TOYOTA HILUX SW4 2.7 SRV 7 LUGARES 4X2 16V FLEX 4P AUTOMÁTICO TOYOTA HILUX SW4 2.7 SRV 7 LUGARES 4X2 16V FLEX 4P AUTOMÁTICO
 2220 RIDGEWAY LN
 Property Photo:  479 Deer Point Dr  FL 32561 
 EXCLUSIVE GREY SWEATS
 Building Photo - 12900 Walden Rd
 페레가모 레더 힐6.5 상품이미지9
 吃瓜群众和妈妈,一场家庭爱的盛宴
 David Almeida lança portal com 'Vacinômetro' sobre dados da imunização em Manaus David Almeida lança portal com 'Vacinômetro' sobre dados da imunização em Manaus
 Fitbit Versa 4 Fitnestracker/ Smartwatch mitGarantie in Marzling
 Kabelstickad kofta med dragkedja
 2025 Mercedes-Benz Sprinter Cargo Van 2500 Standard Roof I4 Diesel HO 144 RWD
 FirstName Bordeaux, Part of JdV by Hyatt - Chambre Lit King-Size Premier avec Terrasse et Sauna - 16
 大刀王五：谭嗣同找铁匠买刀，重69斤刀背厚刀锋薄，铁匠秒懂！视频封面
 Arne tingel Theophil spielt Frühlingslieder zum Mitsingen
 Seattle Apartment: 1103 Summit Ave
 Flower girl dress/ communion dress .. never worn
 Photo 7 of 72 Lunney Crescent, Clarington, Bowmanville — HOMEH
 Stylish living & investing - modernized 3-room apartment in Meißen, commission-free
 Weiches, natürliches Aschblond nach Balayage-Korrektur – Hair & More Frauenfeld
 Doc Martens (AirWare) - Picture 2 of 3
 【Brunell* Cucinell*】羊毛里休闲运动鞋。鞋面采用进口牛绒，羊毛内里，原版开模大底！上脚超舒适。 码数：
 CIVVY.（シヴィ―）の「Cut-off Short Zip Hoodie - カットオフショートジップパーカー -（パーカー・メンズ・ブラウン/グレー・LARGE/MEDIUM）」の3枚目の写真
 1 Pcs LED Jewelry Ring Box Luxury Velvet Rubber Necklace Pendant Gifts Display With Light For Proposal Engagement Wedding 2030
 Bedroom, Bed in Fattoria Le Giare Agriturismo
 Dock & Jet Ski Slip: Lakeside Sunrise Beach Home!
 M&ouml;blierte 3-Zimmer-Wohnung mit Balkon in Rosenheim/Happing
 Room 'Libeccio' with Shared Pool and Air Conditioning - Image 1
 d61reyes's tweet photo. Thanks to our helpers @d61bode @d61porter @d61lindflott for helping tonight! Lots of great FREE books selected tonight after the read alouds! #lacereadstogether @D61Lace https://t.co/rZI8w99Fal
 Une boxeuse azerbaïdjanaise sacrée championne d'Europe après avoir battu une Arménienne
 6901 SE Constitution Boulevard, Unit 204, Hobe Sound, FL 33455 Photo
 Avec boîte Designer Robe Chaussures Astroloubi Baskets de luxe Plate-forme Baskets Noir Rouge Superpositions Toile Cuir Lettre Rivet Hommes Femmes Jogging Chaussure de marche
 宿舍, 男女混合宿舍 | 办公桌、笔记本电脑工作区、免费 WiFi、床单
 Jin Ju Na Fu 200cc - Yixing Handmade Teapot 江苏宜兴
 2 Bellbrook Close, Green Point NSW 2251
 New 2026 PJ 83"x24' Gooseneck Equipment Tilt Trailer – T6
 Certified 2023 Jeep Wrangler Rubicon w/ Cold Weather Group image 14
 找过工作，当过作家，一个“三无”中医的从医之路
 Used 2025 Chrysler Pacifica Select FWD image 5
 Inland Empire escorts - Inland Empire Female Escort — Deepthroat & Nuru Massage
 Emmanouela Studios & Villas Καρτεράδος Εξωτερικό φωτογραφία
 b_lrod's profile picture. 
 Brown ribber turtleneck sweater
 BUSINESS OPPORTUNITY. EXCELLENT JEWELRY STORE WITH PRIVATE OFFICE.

▬▬▬▬▬▬

Consider the entries above and return each line with the string "Point".

» Finished exercise
 Property Photo:  479 Deer Point Dr  FL 32561 
 2 Bellbrook Close, Green Point NSW 2251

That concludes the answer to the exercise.